Here are those two images together:

Articulate, can you please let us know if there is a way to add a PNG to Storyline that will not be degraded during the publishing process? 

Diarmaid Collins
Justin Grenier

Sure thing, Mark.

Here's a screenshot of what Mike's mocked-up HTML page looks like in a 1920 x 1080 browser window, and here's a screenshot of what Mike's mock-up looks like in a 1366 x 768 browser window.

I think our goal was to demonstrate that we'd expect any text-heavy screenshot to suffer from a loss of quality when scaled, inside or outside of Storyline.

Hi Justin,

Thanks for showing the impact on text quality and images when scaling downwards.

How does Storyline best practice, which encourages images to be imported to a file at the exact size it should be within the file, accommodate most users who utilise the Modern Player which automatically scales (upwards) to fill the screen display?

Personally, I find that if I import an image that is twice the size of the intended image I have no issues with image quality when viewing my work on high-resolution monitors where the file displays many times the 'specified' Storyline file.

Is it an issue with Storyline internal settings compressing images on, say like Mark's file, at 720x540, and then being scaled upwards within the modern player? 

Matthew Bibby
Diarmaid Collins

Personally, I find that if I import an image that is twice the size of the intended image I have no issues with image quality when viewing my work on high-resolution monitors where the file displays many times the 'specified' Storyline file.


I just did a test using a screenshot of Wikipedia. It was captured at 1440x1040, then dropped into a default SL file, which is 720x520.

The top image is SL's native publishing, the bottom is how it looks when I replace the published image with the original.

So even when working with images 200% the desired size, there is still a problem:


Comparing the two images shows that some kind of compression is applied during publishing:

Michael Marcos

Thank you everyone for your patience, and apologies for the slight confusion on the file types! Let me take your findings back to the team Matthew so we can review this function of Storyline 360.  I just want to confirm that when you say you "replaced the published image with the original", this means you went into the Storyline output\mobile folder after publishing and replaced the processed image with a raw version of the same image?

EDIT: Nvm, I just saw your earlier post confirming this. Thank you.

I really appreciate the extra effort you've all put into this.

- Michael Marcos
Customer Support Product Liaison 

Diarmaid Collins

Full disclosure - I don't generally import images with text in them so I don't encounter this issue that often. It's clearly obvious that text is affected. I think there is probably more leeway with images without text. I, unfortunately, tend to recreate any charts, diagrams or text images within Storyline itself to bypass these publishing issues (yet another productivity limiting 'hack' or workaround that's been embedded into my workflow).
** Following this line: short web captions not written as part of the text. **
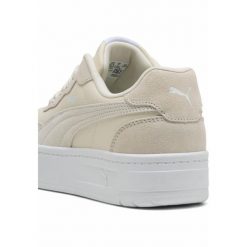 Damskie sneakersy Court Lally Skye z zamszu PUMA Frosted Ivory White. Białe obuwie sportowe damskie Puma, bez zapięcia, tenisowe. W wyprzedaży za 204.00 zł.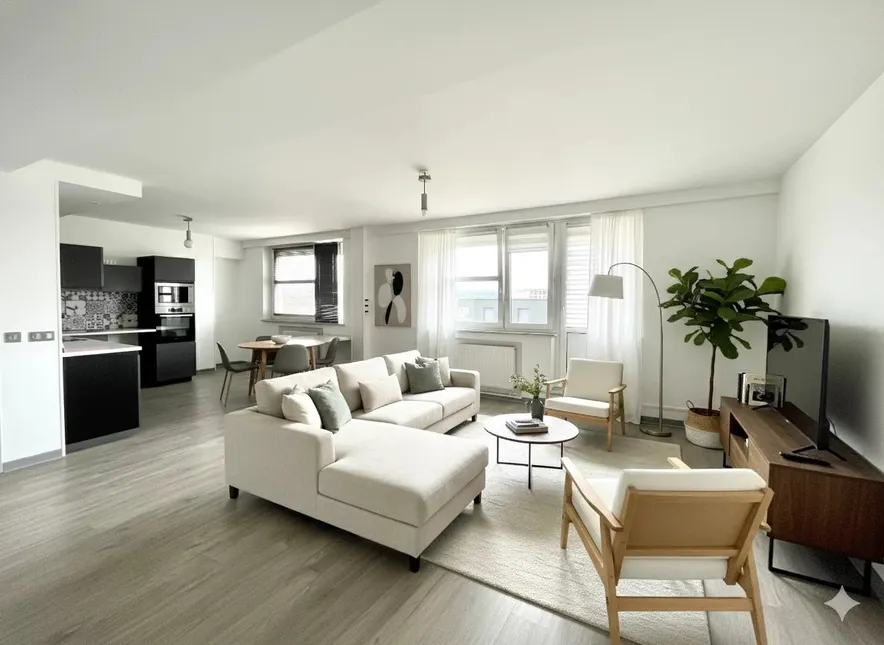 Appartement de 103m2, 3 chambres, balcon, parking privatif, cave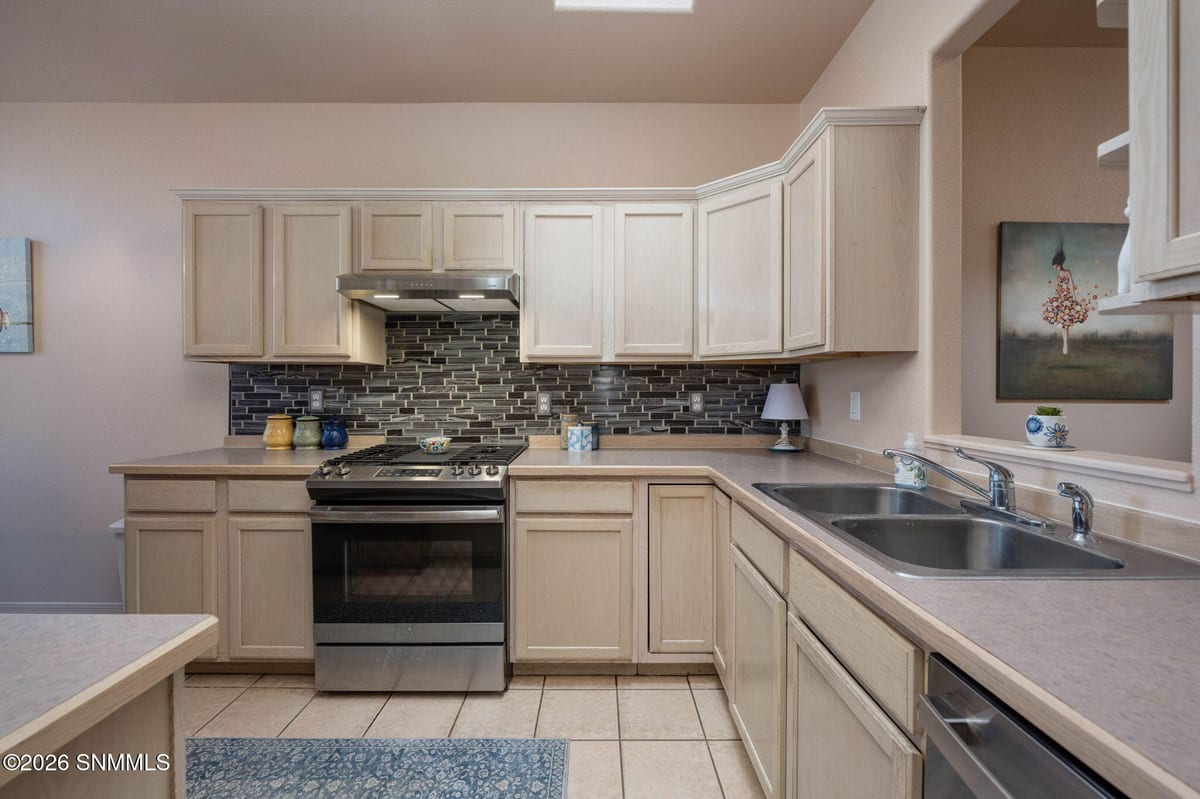 2484 Sunridge Drive, Las Cruces, NM 88012 photo 15
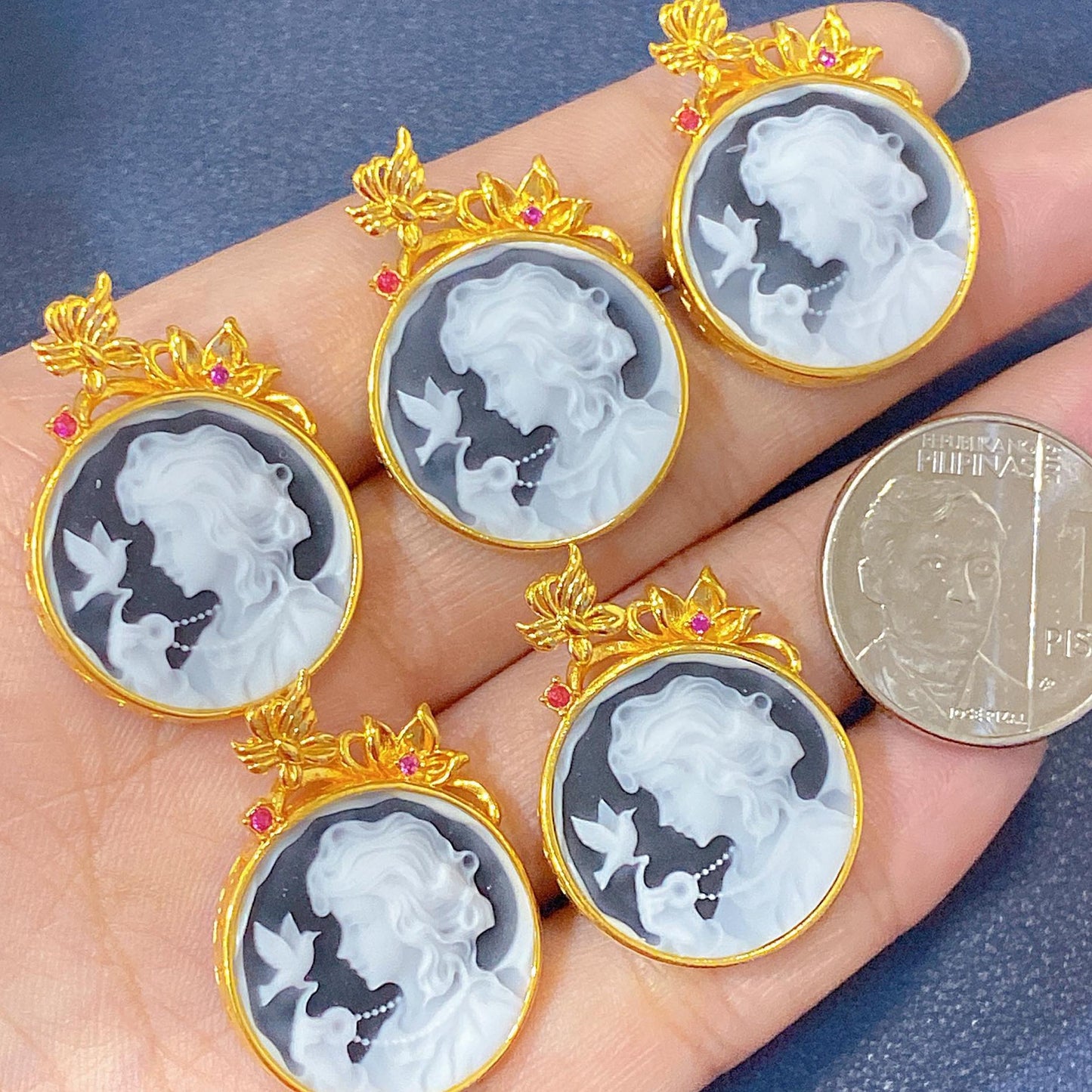 Round Cameo Pendant 18K Gold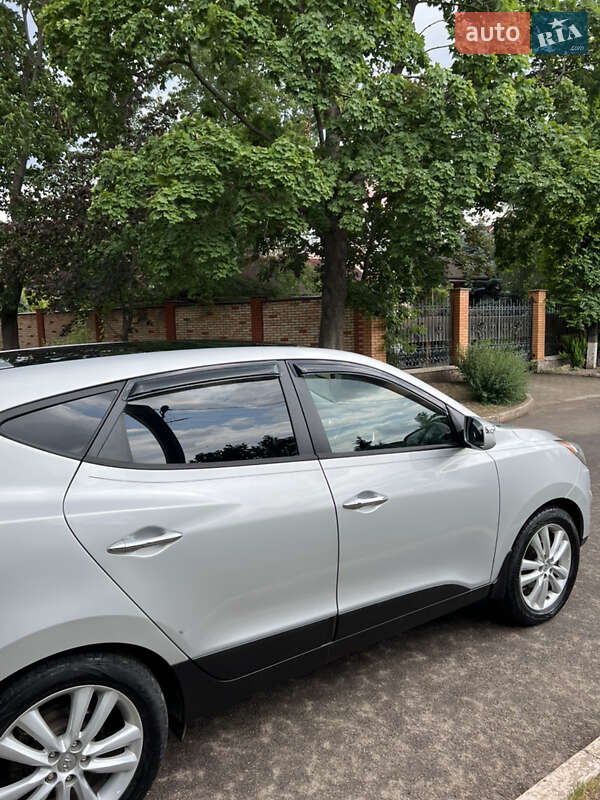 Позашляховик / Кросовер Hyundai Tucson 2012 в Кривому Розі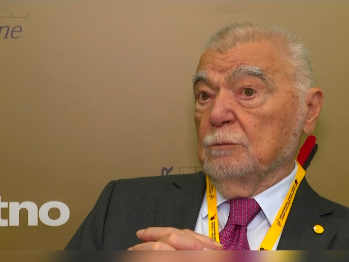 Mesić: OHR treba ostati u BiH, ideje o podjelama su opasne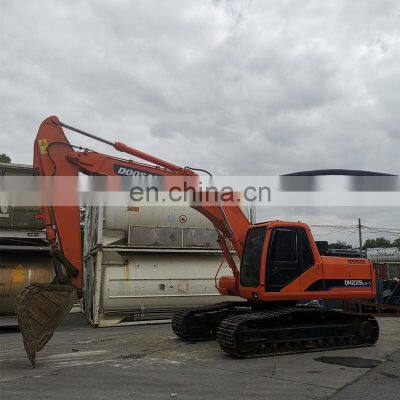 Cheap Used Doosan DH225LC Crawler Excavator on Sale in Shanghai photo-3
But, from the link I posted a little bit further up, there is (was) clear degradation in image quality if the image is embedded in a non-rectangular frame. This may be fixed now but if I require bespoke image 'frames' I do it outside Storyline and import the image as a transparent PNG - just another workaround to broken Storyline functionality. I have not tested if it's fixed.

But at least we know arrows are no longer blurry.

Michael Marcos

I'm just circling back here to let everyone know that we will be taking investigating this further on our end. The results Matthew got from the steps he documented earlier are not expected behavior. I can't give an ETA on how soon it will take to fix this as that can change depending on how complex of an issue the original image quality issue may turn out to be though.

Thank you again for your patience as we continue to chase down this issue!

Matthew Bibby

Great news, thanks Michael. I'll get back to you regarding the issues I was having with SVGs, am just waiting to get permission from my client to share the problematic SVGs.

While you are investigating this issue, can you please also look into whether or not it would be possible for Storyline to use TinyPNG and TinyJPG for image compression? If you could you'd get dramatically smaller file sizes with very little quality loss.